* _Your assignment_: The answer is to be an exact copy of the lines below running from the line with "Basket-Ball Heart Gender-fluid" down to the line with "Men and women", both ends included, and nothing more.

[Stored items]
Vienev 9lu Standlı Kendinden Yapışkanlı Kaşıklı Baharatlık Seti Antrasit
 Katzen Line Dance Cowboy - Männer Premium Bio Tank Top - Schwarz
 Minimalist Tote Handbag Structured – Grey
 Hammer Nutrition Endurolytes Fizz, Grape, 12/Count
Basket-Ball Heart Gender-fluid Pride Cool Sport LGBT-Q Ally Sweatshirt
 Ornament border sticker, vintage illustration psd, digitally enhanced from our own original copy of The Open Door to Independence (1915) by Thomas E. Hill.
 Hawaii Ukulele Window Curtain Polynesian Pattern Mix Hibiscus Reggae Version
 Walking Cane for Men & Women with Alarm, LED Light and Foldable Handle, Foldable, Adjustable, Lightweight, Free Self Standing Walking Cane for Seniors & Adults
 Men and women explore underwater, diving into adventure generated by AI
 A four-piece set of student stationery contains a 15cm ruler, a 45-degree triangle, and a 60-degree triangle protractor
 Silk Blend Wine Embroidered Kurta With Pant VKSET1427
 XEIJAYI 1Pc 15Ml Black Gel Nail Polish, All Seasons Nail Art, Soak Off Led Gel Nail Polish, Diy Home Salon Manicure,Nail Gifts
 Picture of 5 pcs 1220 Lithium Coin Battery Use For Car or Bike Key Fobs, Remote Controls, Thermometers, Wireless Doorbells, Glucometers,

* _Expected answer_:
Basket-Ball Heart Gender-fluid Pride Cool Sport LGBT-Q Ally Sweatshirt
 Ornament border sticker, vintage illustration psd, digitally enhanced from our own original copy of The Open Door to Independence (1915) by Thomas E. Hill.
 Hawaii Ukulele Window Curtain Polynesian Pattern Mix Hibiscus Reggae Version
 Walking Cane for Men & Women with Alarm, LED Light and Foldable Handle, Foldable, Adjustable, Lightweight, Free Self Standing Walking Cane for Seniors & Adults
 Men and women explore underwater, diving into adventure generated by AI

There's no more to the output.